The Depths of Australia’s China Problem. By Salvatore Barbone.

This time they’ve gone too far. China’s Global Times newspaper has long had it in for “evil Australia”, which it characterises as being “not even a ‘paper tiger’ [but] only a ‘paper cat’ at best”. It demands that “as a warhound of the US, Australia should restrain its arrogance”. Perhaps reflecting on an unfortunate tourist encounter with the local wildlife, it informs us that “Chinese people feel as if they have swallowed a fly when hearing about Australia”. And describing “Australia’s interference into China’s internal affairs, its inflicting damages on China’s interests, and its trade discrimination against China”, it quotes China’s foreign ministry as saying that “Australia is sick, however it is asking others to take medicine”.
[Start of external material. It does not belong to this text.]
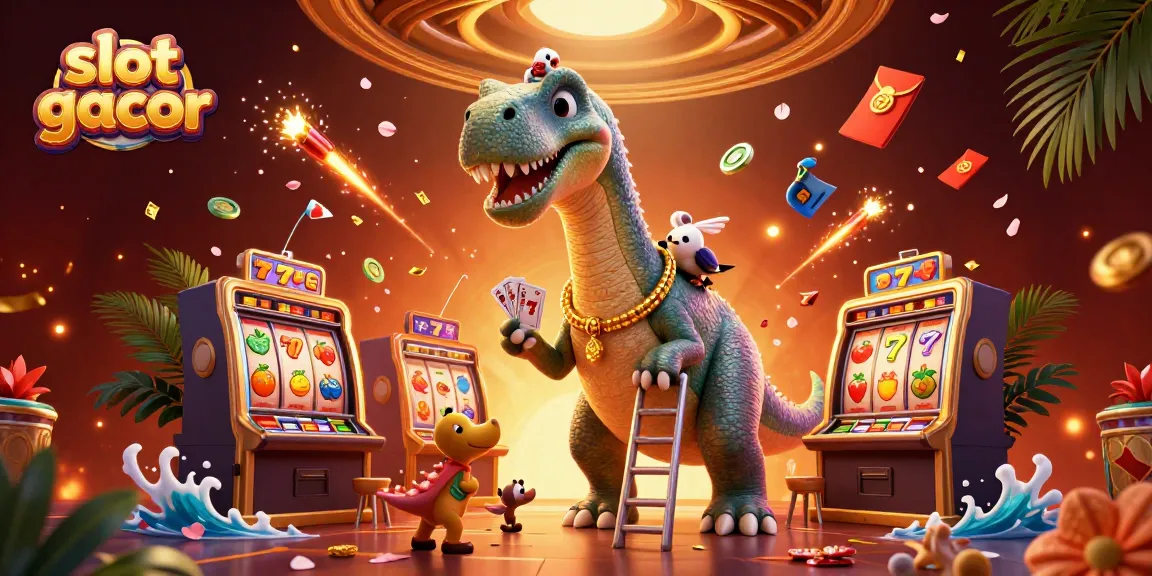 Slot gacor menampilkan ilustrasi 3D lucu dengan karakter unik dan elemen kasino yang kaya dan berwarna.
We all remember the doctored photo shared by the Chinese foreign ministry that depicted an Australian soldier slitting the throat of an Afghan child clutching a sacrificial lamb. When Australia called in the Chinese ambassador to protest, the Global Times editorialised that Scott Morrison was a “ridiculously arrogant … political hatchet man hired by the US akin to a mafia” who “should kneel down on the ground, slap himself in the face, and kowtow to apologise to Afghans”. The editors later opined that Australia has “a rude and arrogant government and a group of political and opinion elites who don’t have a clear estimation of themselves”.

 

The Global Times is the foreign policy mouthpiece of the Chinese Communist Party. It is an official publication of a ruling party that brooks no internal dissent. Often dismissed by China apologists as an inflammatory tabloid that should not be taken seriously, it is in many ways a more authoritative voice of state power than the foreign ministry itself. After all, it is a Party paper, and in China, the Party doesn’t just govern the state; the Party is the state. And if the Chinese state really does believe that Australia is “a bit like chewing gum stuck on the sole of China’s shoes” (to quote Global Times editor Hu Xijin, who still has his job), that should prompt Australians to reflect deeply on their country’s relationship with China.

In the light of the Global Times editorial line, backed up by similar (if less evocative) statements from the Chinese foreign ministry, it can be hard to see how any self-respecting Australian can make the case that Australia should seek to return to the good old days of China engagement. …

Three Australians who have thought long and hard about the Australia–China relationship are Peter Hartcher, Geoff Raby and David Brophy. …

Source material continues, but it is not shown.